The epicenter of the 7.1-magnitude earthquake was 2.8 miles (4.5 kilometers) east-northeast of San Juan Raboso and 34.1 miles (55 km) south-southwest of the city of Puebla, in Puebla state, according to the US Geological Survey.
President Enrique Peña Nieto said 22 bodies were found in the debris of an elementary school in Mexico City that collapsed due to the earthquake. At least 30 children were still missing Tuesday night, he said.
“We are facing a new national emergency,” Peña Nieto told citizens earlier on his first address following the earthquake.
Tuesday’s earthquake came more than one week after a magnitude-8.1 earthquake struck off the southern coast
of the country, killing at least 90, according to the governor of the hard-hit state of Oaxaca.

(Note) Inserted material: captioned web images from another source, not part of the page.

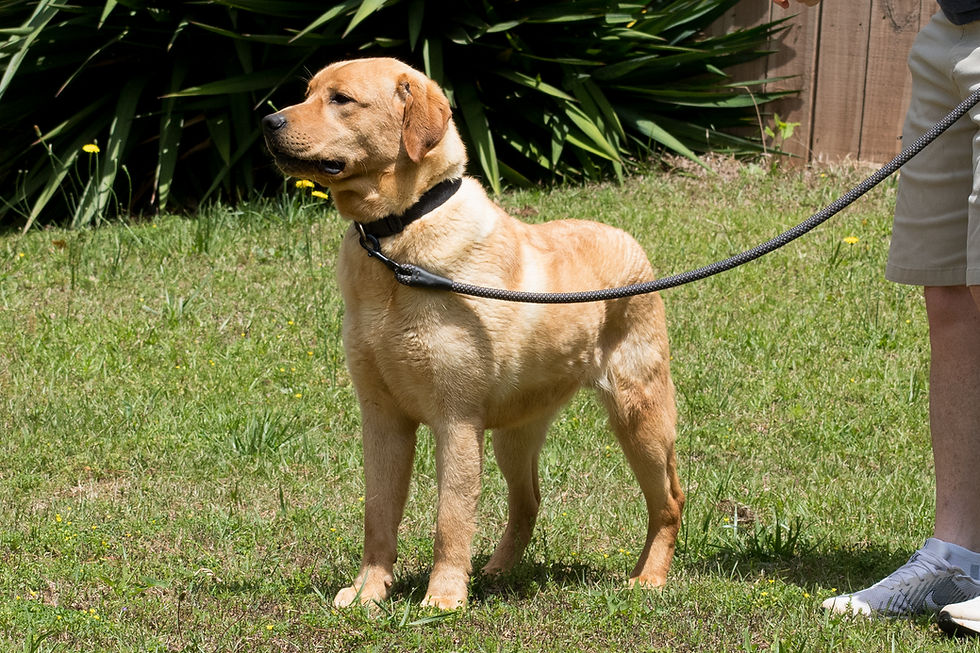 Miniatura: Reserve Phineas (Eva x  Chili's 1 Year Old Boy)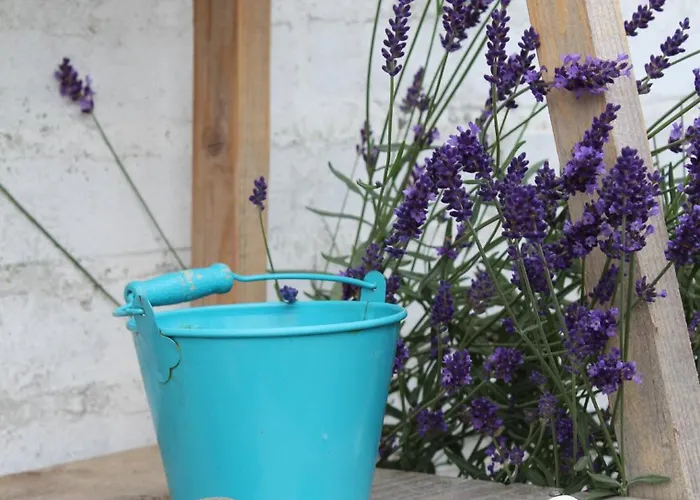 Seaside Πάρκο διακοπών Wunstorf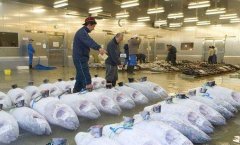 占地4000平高5米海鮮冷庫安裝需要多少錢？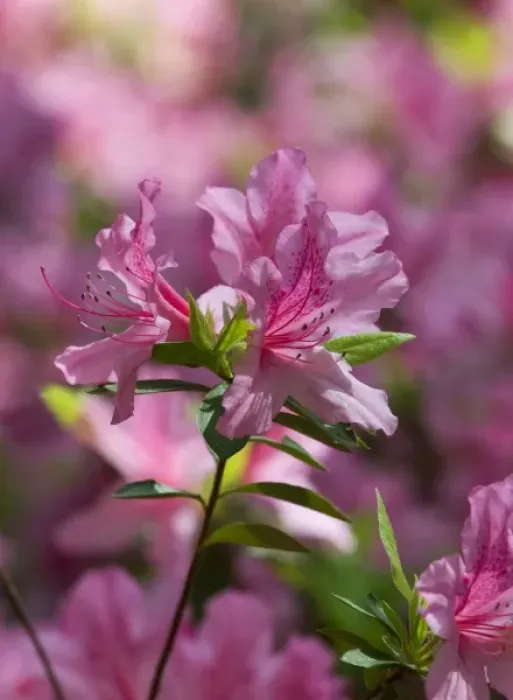 Framed Print : Charleston, South Carolina, USA. Azaleas in bloom in Charleston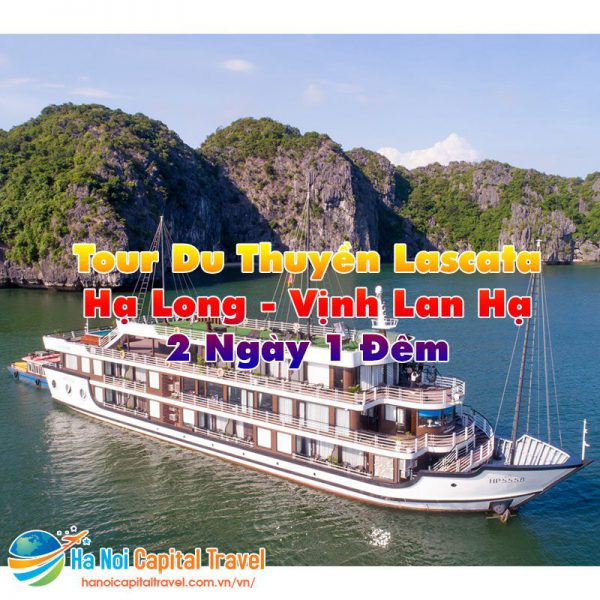 Tour 2 Ngày 1 Đêm Hạ Long - Vịnh Lan Hạ| Du Thuyền Lascata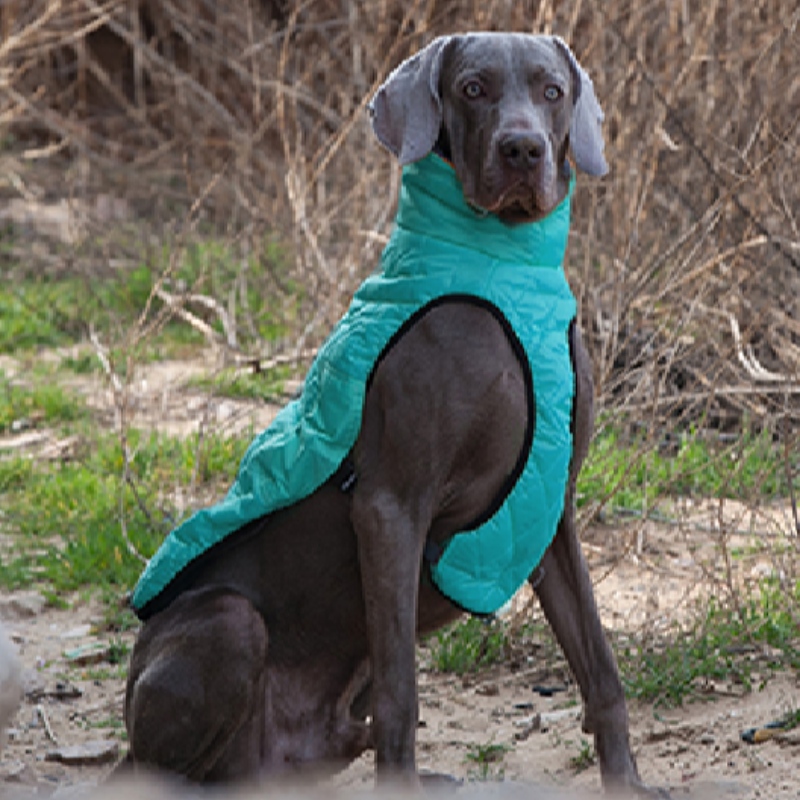 Amazon Hot Sale Uusi lemmikki vaatteet koiran vaatteet syksy ja talvi paksuuntunut joustava villapaita Pet villapaita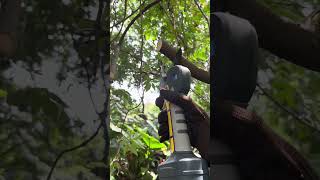 🌼Shears that adapt to YOUR garden.#prunarbo#nature #tools #gardeningequipment#pruning #gardeningtool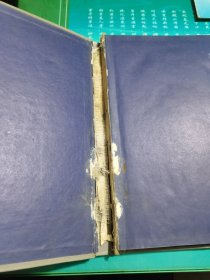 性病图谱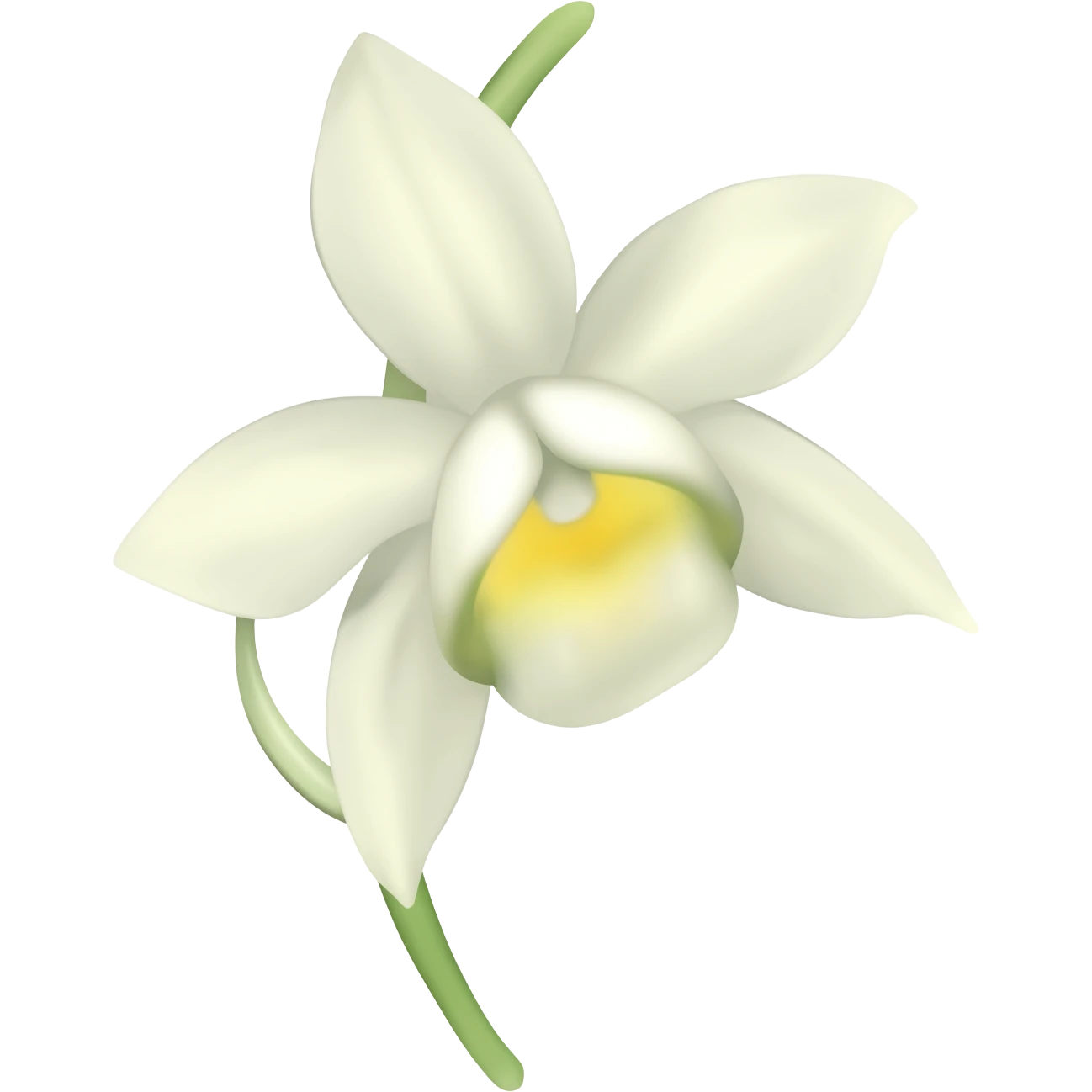 vanilla with the flower emoji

In Mexico City, thousands of soldiers, rescuers and civilians — including college students — were working side by side to dig through tall piles of rubble from dozens of crumbled buildings.
Some carried away buckets full of debris while others called out the names of those who have been rescued. At times, rescuers asked for total silence as they tried to hear voices coming from under the debris.
The quake left the busiest city in Mexico in chaos. Windows buckled and shattered, falling several stories to the ground while thousands of people streamed into the streets running away from buildings and potential gas leaks.
People struggled to get home when power poles that toppled in the quake blocked the streets and the public transportation system temporarily shut down operations. Nearly 5 million customers were still without power early Wednesday.